In a functional sense, the temperatures used can be described as follows: The InGaN is grown at a first temperature that is low enough to incorporate the desired (but not an excessive) amount of indium, while high enough to get high quality growth for the amount of indium desired.
Next, a GaN layer is grown at this same first temperature to thereby cover the InGaN without undesirably heating the InGaN above the first temperature.
Next, the GaN layer is extended by growth at a second temperature that is higher than the first temperature. The second temperature is selected to be high enough to encourage higher quality growth of the GaN, but low enough to avoid degrading the nearby (though nonadjacent) InGaN well.
Next, another portion of the gallium nitride layer of approximately 35 Å is grown at the 840° C. temperature, but without doping for the same reasons stated earlier; i.e., to protect the next InGaN layer from unintentional doping. After the appropriate number of quantum wells are included, the quantum well portion 31 is finished with one final well of indium gallium nitride layer of about 25 Å thickness, again grown at about 770° C., and one final relatively thin layer of undoped gallium nitride, also grown at 770° C. to a thickness of about 25 Å.

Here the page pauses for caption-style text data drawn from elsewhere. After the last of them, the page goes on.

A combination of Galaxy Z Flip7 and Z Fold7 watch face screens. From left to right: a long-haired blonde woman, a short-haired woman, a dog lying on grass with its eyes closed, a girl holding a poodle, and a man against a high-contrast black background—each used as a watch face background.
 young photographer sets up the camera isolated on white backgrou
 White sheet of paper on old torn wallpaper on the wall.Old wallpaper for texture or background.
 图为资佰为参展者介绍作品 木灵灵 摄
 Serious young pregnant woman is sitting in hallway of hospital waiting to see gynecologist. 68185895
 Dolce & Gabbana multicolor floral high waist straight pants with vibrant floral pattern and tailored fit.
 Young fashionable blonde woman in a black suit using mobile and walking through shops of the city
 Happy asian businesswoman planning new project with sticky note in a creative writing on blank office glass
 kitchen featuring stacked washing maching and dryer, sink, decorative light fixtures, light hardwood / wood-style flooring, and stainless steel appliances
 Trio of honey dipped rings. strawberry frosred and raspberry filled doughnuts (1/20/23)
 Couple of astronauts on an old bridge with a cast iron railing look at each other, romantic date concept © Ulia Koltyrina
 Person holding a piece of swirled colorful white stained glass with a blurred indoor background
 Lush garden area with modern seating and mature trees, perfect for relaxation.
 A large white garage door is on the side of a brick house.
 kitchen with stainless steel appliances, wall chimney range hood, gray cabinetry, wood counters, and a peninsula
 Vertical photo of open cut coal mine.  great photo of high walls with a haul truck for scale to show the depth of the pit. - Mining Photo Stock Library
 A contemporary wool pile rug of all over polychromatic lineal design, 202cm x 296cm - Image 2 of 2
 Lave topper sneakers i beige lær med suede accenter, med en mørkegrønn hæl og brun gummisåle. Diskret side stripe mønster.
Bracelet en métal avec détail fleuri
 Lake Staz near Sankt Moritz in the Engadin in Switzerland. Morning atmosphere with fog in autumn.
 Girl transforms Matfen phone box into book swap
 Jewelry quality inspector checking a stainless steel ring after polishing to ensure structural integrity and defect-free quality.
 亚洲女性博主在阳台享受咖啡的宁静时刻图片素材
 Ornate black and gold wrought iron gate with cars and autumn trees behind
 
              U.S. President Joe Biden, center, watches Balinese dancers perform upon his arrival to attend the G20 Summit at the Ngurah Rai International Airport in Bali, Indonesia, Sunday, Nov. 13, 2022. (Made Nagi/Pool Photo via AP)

Following completion of the MQW 31, the undoped GaN layer 32 is grown to a layer of about 80 Å at a temperature of about 820° C. and forms the cap on the last well. In an alternative embodiment, the GaN layer 32 can be doped with magnesium or silicon.
As the next step, the undoped AlGaN layer 33 is grown. This layer prevents as many electrons as possible from reaching the p-AlGaN and p-GaN layers 34 and 35 adjacent to the contact 36 and thus preventing such electrons from creating any undesirable emissions or diode behavior. The undoped AlGaN layer 33 is grown to a thickness of about 30 Å at a temperature of about 890° C.
The p-AlGaN layer 34 is next grown to a thickness of about 85 Å at a temperature of about 890° C. and is preferably doped with magnesium. Finally, the p-type GaN contact layer 35 is formed to a thickness of about 1800 Å at a temperature of about 980° C., again representing a somewhat higher temperature to improve the growth and crystal quality while refraining from overheating the InGaN portions of the device. The p-GaN contact layer 35 is likewise doped with magnesium. The p-type layers 34 and 35 provide the hole injection required for operation of the device. Although the preferred embodiment incorporates p-AlGaN and p-GaN for layers 34 and 35 respectively, these layers can be formed of the other Group III nitrides provided that they are incorporated in a manner consistent with the structure and function of the overall device.
In another aspect, the invention is a light emitting device that incorporates the UV LED with an appropriate phosphor to produce a desired visible output. Materials that fluoresce or phosphoresce in response to UV radiation (regardless of source) are generally well known in the relevant arts. For example, common fluorescent lights operate on the same principle; i.e., a portion of the bulb or fixture generates a UV emission that in turn excites a phosphor that emits visible white light. Exemplary phosphors that produce white (or near-white) emission in response to UV radiation are generally well known and understood in this art, and can be selected and incorporated without undue experimentation. Furthermore, it will be understood that although white light is an exemplary goal, other colors can be produced in this manner using other relevant phosphors, and the invention is not limited to the production of white light.